Keywords: Dental education, dental students, face-to-face learning, future curriculum, online learning, questionnaire survey
|How to cite this article:|
Samra RK, Nirola A, Verma A, Nagpal A, Thakur M. Dental students' Perception on the impact of E-learning in continuing dental education during the current pandemic scenario. Indian J Dent Sci 2021;13:61-72
|How to cite this URL:|
Samra RK, Nirola A, Verma A, Nagpal A, Thakur M. Dental students' Perception on the impact of E-learning in continuing dental education during the current pandemic scenario. Indian J Dent Sci [serial online] 2021 [cited 2021 Apr 17];13:61-72. Available from: http://www.ijds.in/text.asp?2021/13/2/61/310135
| Introduction|| |
The impact of the COVID-19 pandemic was evident on various walks of life all around the world.,, Each segment of society both in developed and developing countries was affected by COVID-19 outbreak. As a result, the social lifestyle has changed globally. All medical and dental institutions had been closed down because of the pandemic. It resulted in a major educational crisis and the governments were grappling with solutions for providing education.

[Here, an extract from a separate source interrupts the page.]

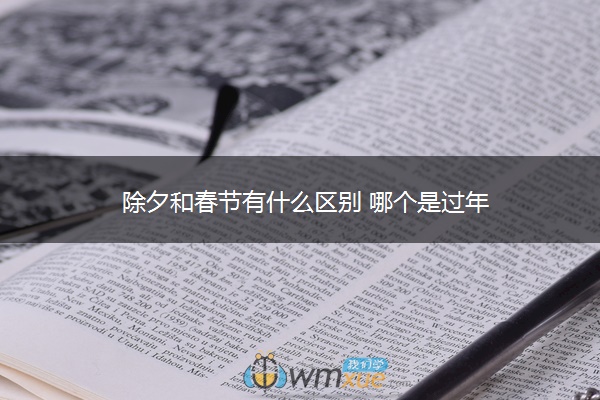 除夕和春节有什么区别 哪个是过年 除夕和春节有什么区别 哪个是过年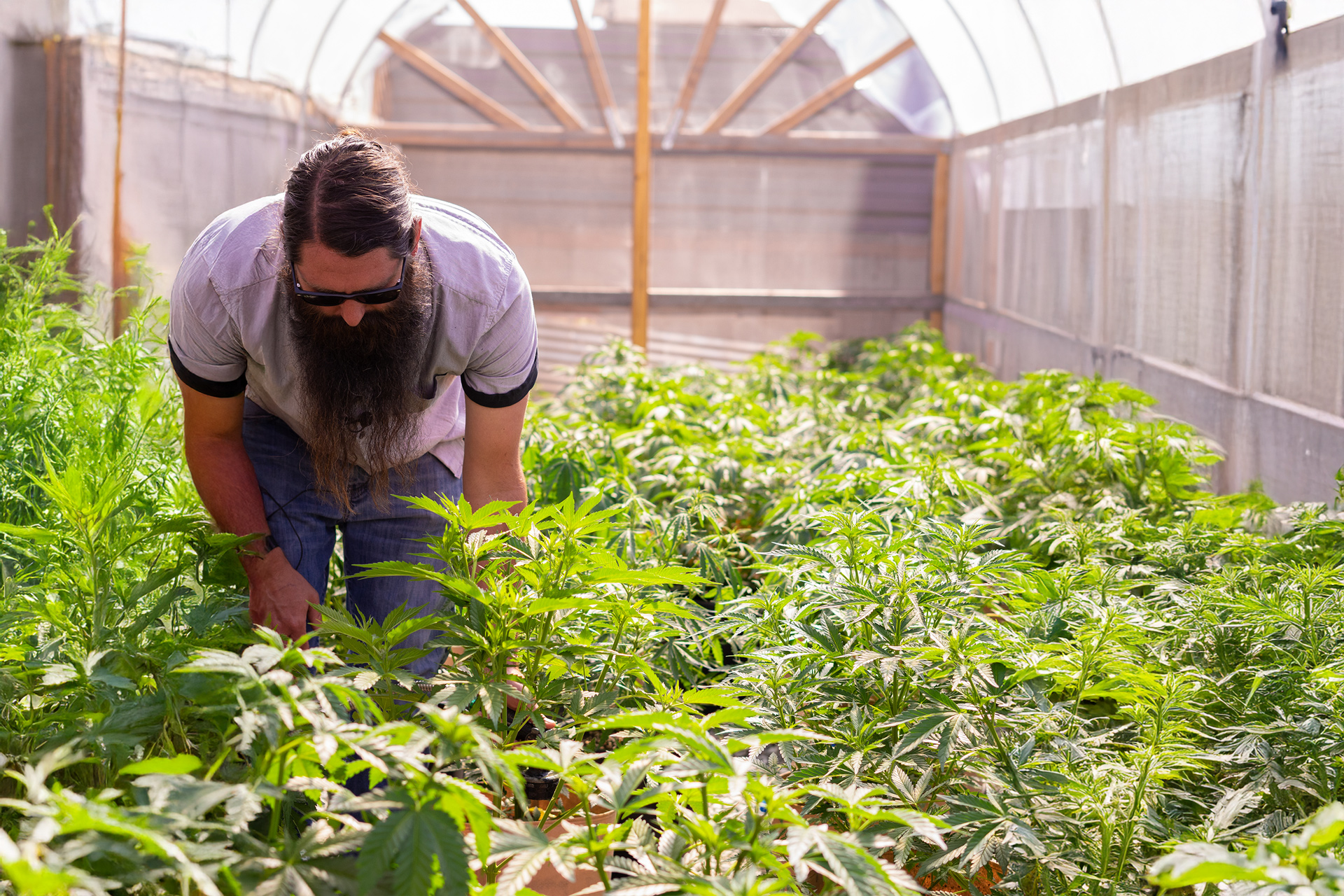 Growing marijuana outdoors requires attention to climate, sunlight exposure, and plant health.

The magnanimity of information technology's influence on multiple aspects of our lives today can neither be ignored nor can its growing popularity and use in the education sector be denied. It played a great role in the academic arena gaining importance as most of the lectures were switched to online mode to continue the levels of education. India is a developing country where education in higher institutions is mostly traditional blackboard and chalk or PowerPoint presentation in the lecture halls as opposed to some online lectures which are a prominent part of education in universities in developed countries.
E-learning is defined as “Learning facilitated and supported through the use of information and communication technology.” It can include a number of activities from the use of technology to support learning as part of a “blended” approach (a combination of traditional and e-learning approaches), to entirely online learning. Whatever be the technology, however, learning is the vital element. E-learning is flexible and offers a substitution for the traditional classroom model.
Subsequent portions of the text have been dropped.